Сначала мы плыли на характерной ифалукской скорости — не торопясь, но и не теряя времени зря. Скоро, однако, обнаружилось, что Боб подбивал компаньонов прийти на Элаигалап раньше «Бвупа». Дух соперничества основательно укоренился у американцев, и мы клюнули на приманку. Казалось, Яни и Талим тоже заразились соревнованием или во всяком случае вежливо присоединились к остальным. Резиновая лодка была легче на ходу, но ветер относил ее к северу, нам же удавалось удерживать курс.
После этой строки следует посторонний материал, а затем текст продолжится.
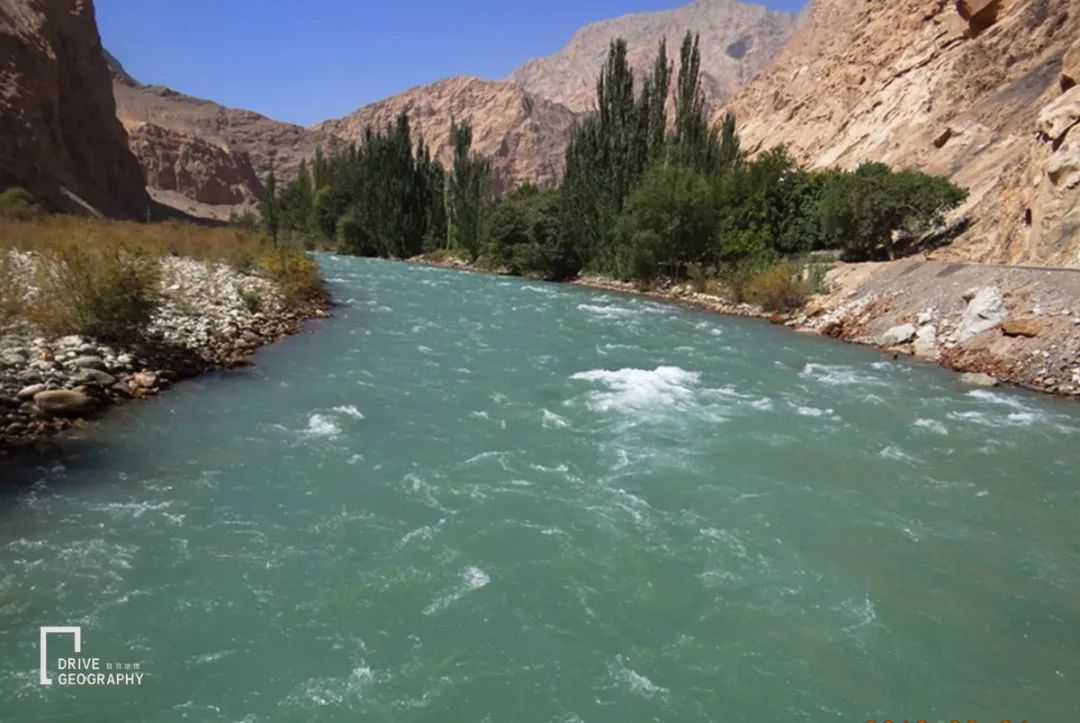 In terms of danger and beauty, Bingchacha is not inferior. Is this mysterious ancient road in Xinjiang about to be submerged?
На полпутп кто-то предложил подобрать ифалукское название для резиновой лодки. Тут же поступило несколько предложений, но ни одно не было принято. Вдруг Талим что-то шепнул Яни на ухо. Тот весело расхохотался. «Ват, ват», — сказал он. Бросив гребок, он раскинул руки и, надувшись, сильно выпятил грудь. После этого едва ли нужно было объяснять, что «ват» — своего рода местное название семейства рыб Tetradontidae. Потревоженные, они раздуваются, как воздушные шары. Любой ифалукец, который видел, как надували резиновую лодку и как постепенно она приобретала круглую форму, не мог не заметить сходства. Талимеира держался скромно, но был явно доволен тем, что его предложение восприняли как гениальное. На «Вате» новое название встретили одобрительным смехом.